EXERCISE BRIEF: Without pictures, repeat exactly the lines from the one containing "Bellview Apartment |" through the end of the entries.
■ ■ ■ ■
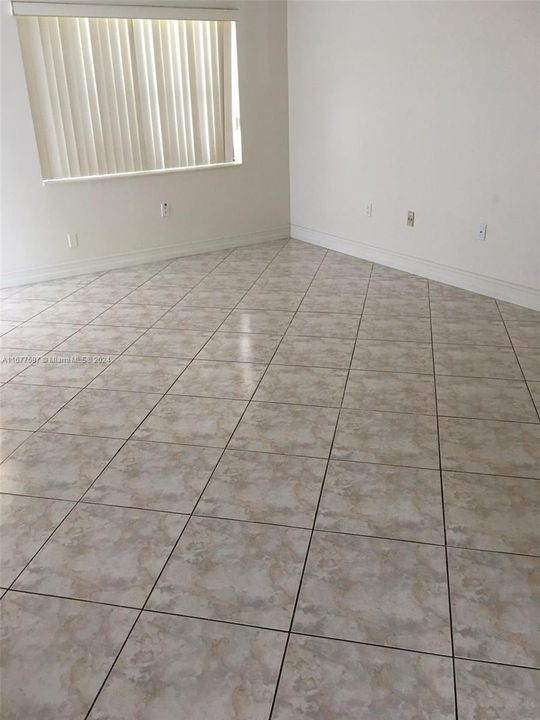 For Rent: $2,300 (2 beds, 2 baths, 940 Square Feet)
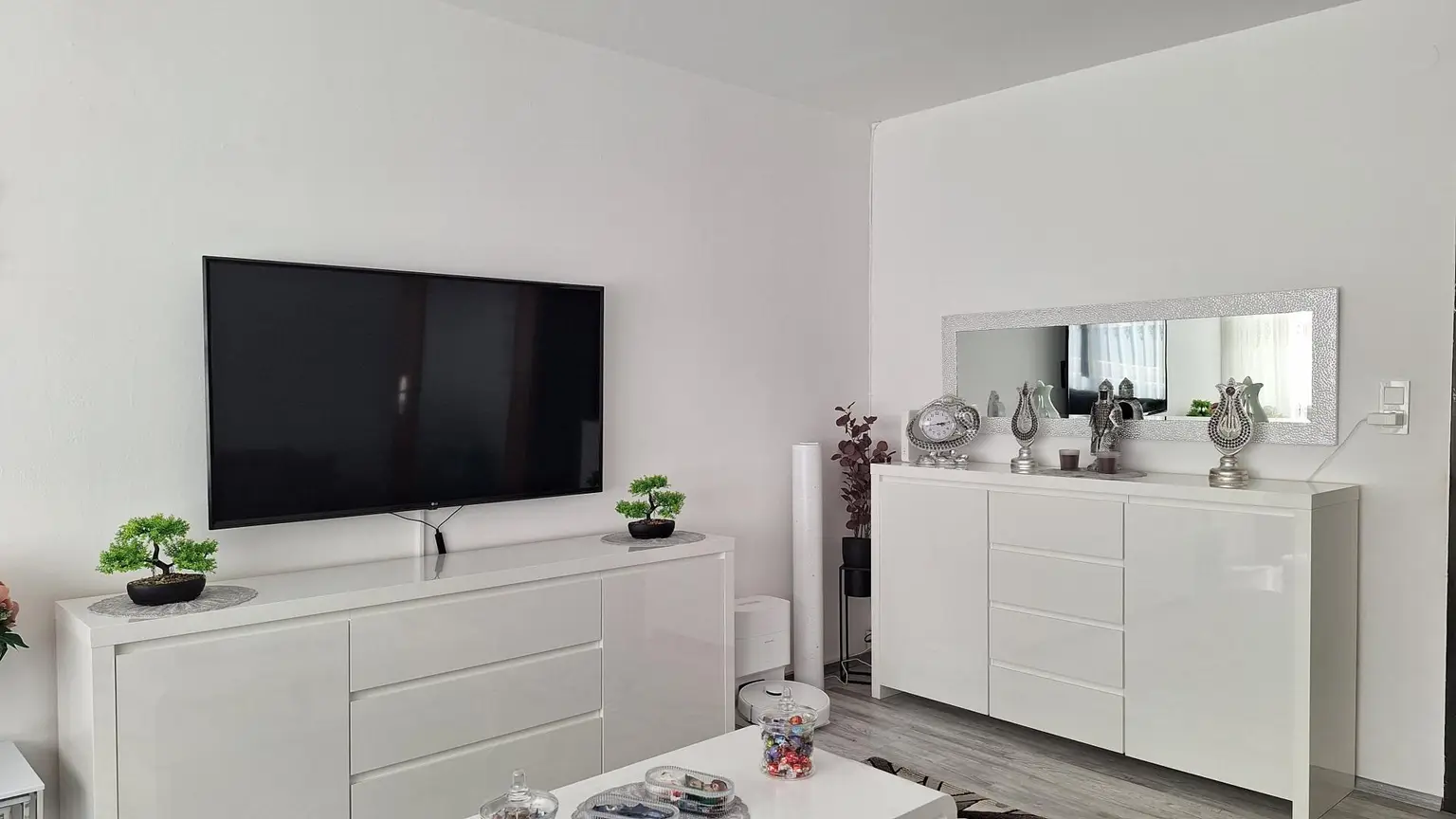 Wohnzimmer (2)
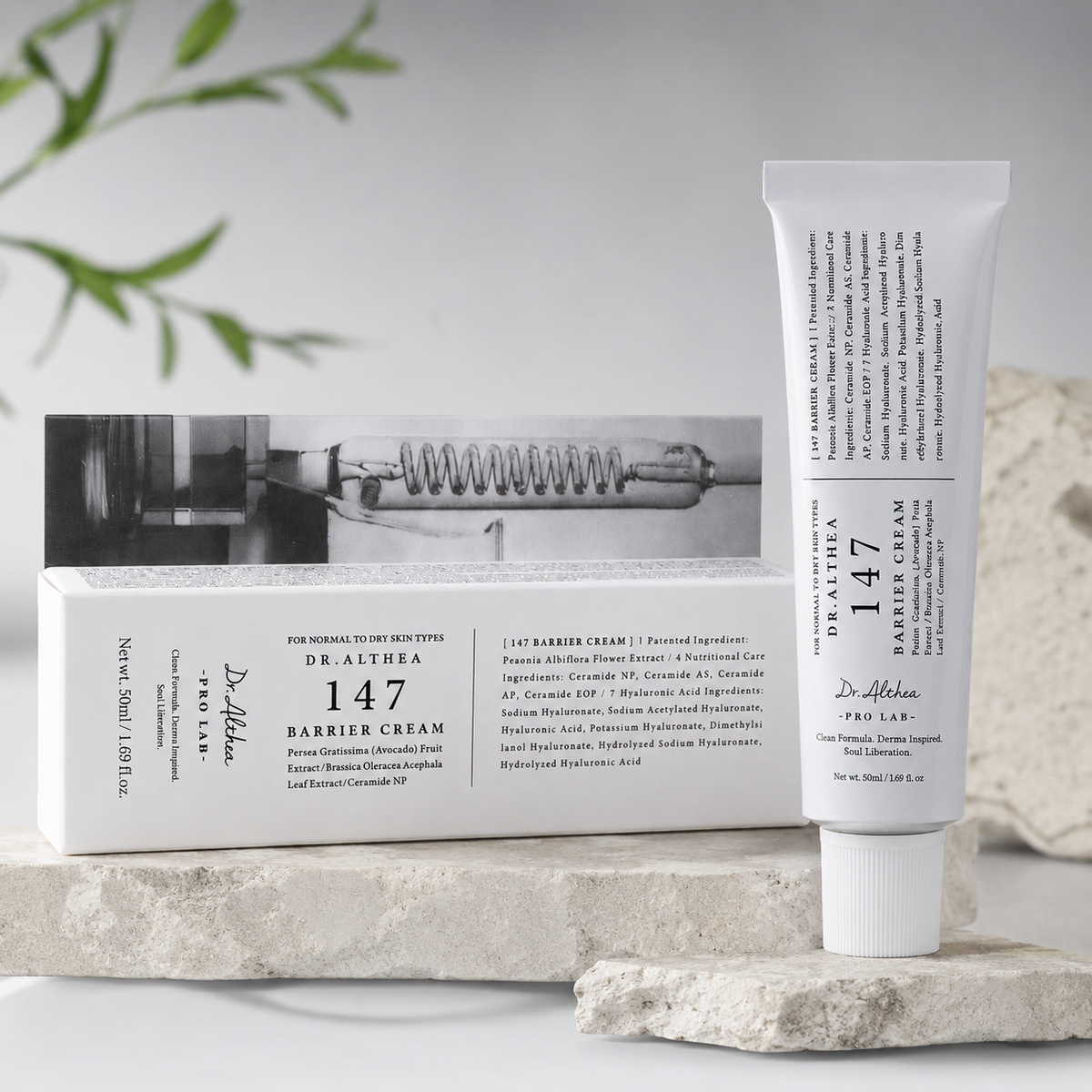 Dr. Althea 147 Barrier Cream sobre piedra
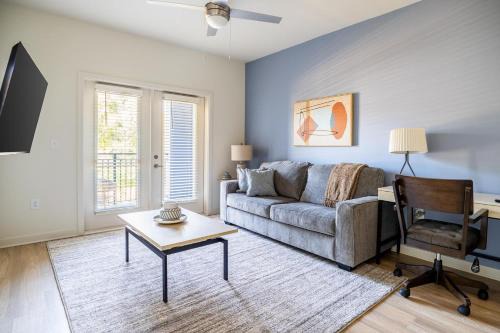 Bellview Apartment | Landing Spectacular 1BD Pool Gym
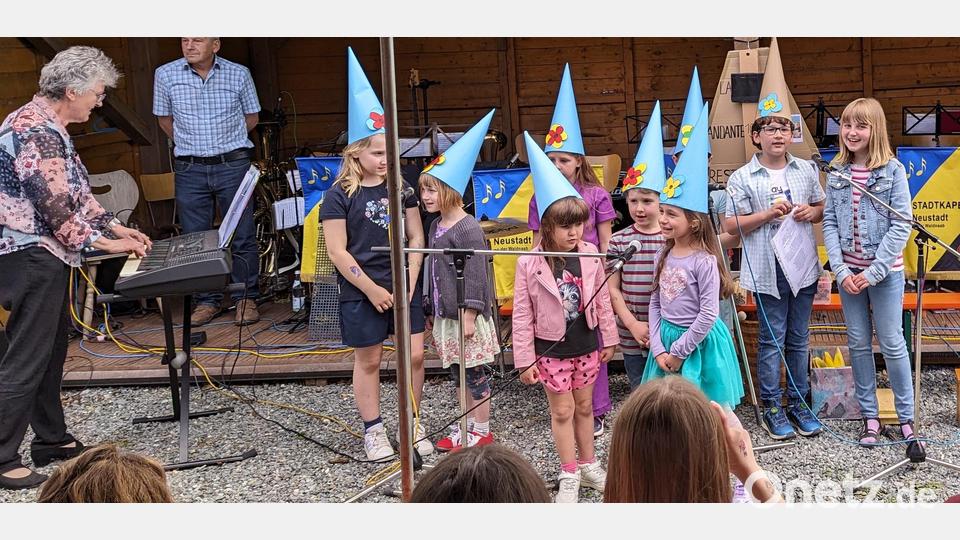 Pfiffige Lieder tragen die Sprösslinge des Kinderchors unter Anleitung von Angela Sauer mit Herzblut vor. Bild: kwl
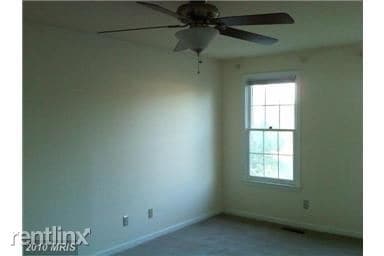 Building Photo - 10532 Cedar Creek Dr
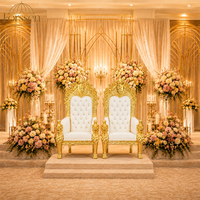 Chaises de mariage de luxe dorées, chaises royales à dossier haut pour la mariée et le marié, pour la scène de mariage, les banquets d'hôtel, les événements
■ ■ ■ ■
RESULT OF THE TASK:
 Bellview Apartment | Landing Spectacular 1BD Pool Gym
 Pfiffige Lieder tragen die Sprösslinge des Kinderchors unter Anleitung von Angela Sauer mit Herzblut vor. Bild: kwl
 Building Photo - 10532 Cedar Creek Dr
 Chaises de mariage de luxe dorées, chaises royales à dossier haut pour la mariée et le marié, pour la scène de mariage, les banquets d'hôtel, les événements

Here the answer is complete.